16,000 Croats were killed during the Croatian War of Independence, 43.4% of whom were civilians, [67] largely through massacres and bombings that occurred during the war. [68] The total number of expelled Croats and other non-Serbs during the Croatian War of Independence ranges from 170,000 (ICTY), [69] 250,000 (Human Rights Watch) [70] or 500,000 (UNHCR). [71] Croatian Serbs forces together with Yugoslav People's Army and Serbian nationalist paramilitaries committed numerous war crimes against Croat civilians. [72] There were numerous well-documented war crimes against civilians and prisoners of war perpetrated by Serb and Yugoslav forces in Croatia, including the Dalj killings, [73] the Lovas massacre, [74] [75] the Široka Kula massacre, [76] the Baćin massacre, [73] the Saborsko massacre, [77] the Škabrnja massacre, [78] the Voćin massacre, [73] [79] and the Zagreb rocket attacks.
According to the Croatian Association of Prisoners in Serbian Concentration Camps, a total of 8,000 Croatian civilians and prisoners of war (a large number after the fall of Vukovar) went through Serb prison camps such as Velepromet camp, Sremska Mitrovica camp, Stajićevo camp, Begejci camp and many others where many were heavily abused and tortured. A total of 300 people never returned from them. [80] A total of 4,570 camp inmates started legal action against former Serbia and Montenegro (now Serbia) for torture and abuse in the camps. [81] Croatia regained control over most of the territories occupied by the Croatian Serb rebels in 1995.
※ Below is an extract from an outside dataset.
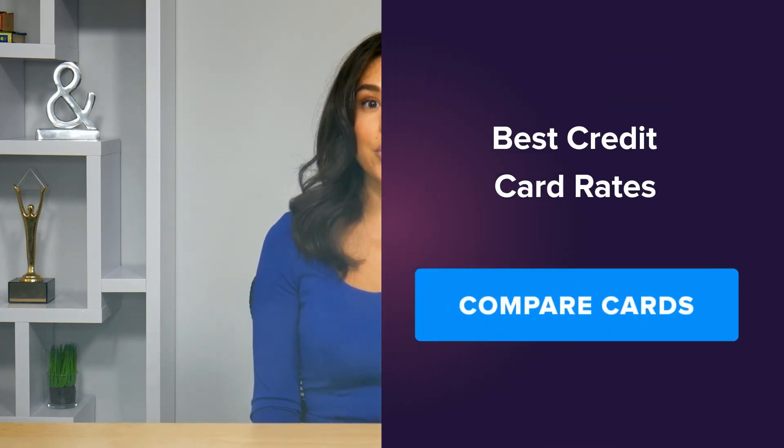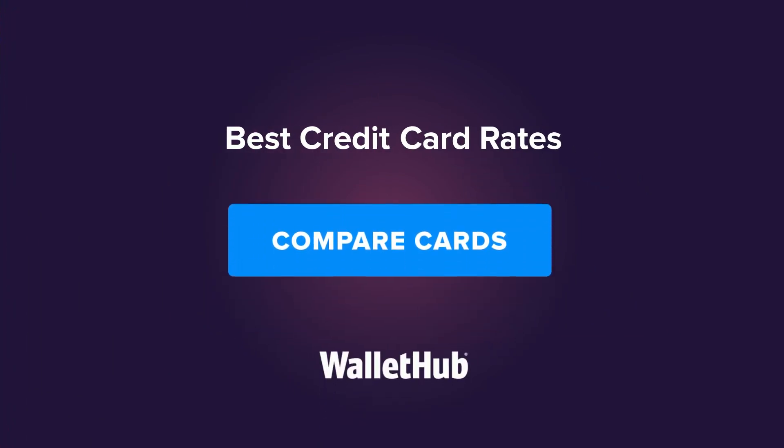So if you're looking to apply for a new credit card to finance those other aspects of your move, you can see which credit cards WalletHub's editors recommend by clicking the button here. Best of luck and happy moving!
War crimes and acts of ethnic cleansing were also committed by the Bosnian Serb and Muslim (Bosniak) armies against Bosnian Croat civilians, during the Bosnian War, from 1992-1995. [83] [84] [85] [86] [87] Concentration camps (such as Omarska, Manjača and Trnopolje) were established by the Yugoslav People's Army (JNA) and the authorities of Republika Srpska (RS), where thousands of Bosnian Muslims and Croat civilians were detained, tortured, and killed. [88] [89] 490,000 Bosnian Croats (or 67% of the population) became displaced during the conflict. [90] The acts have been found to have satisfied the requirements for "guilty acts" of genocide and that "some physical perpetrators held the intent to physically destroy the protected groups of Bosnian Muslims and Croats". [91] In the Serb-controlled Republika Srpska entity, the population of Croats in 2011, has decreased from 151,000 to 15,000 since 1991, mostly as a result of war. [92] Some of the war crimes perpetrated by Serb forces included: the Doboj, Bosanski Šamac, Prijedor ethnic cleansings and the Brčko bridge massacre.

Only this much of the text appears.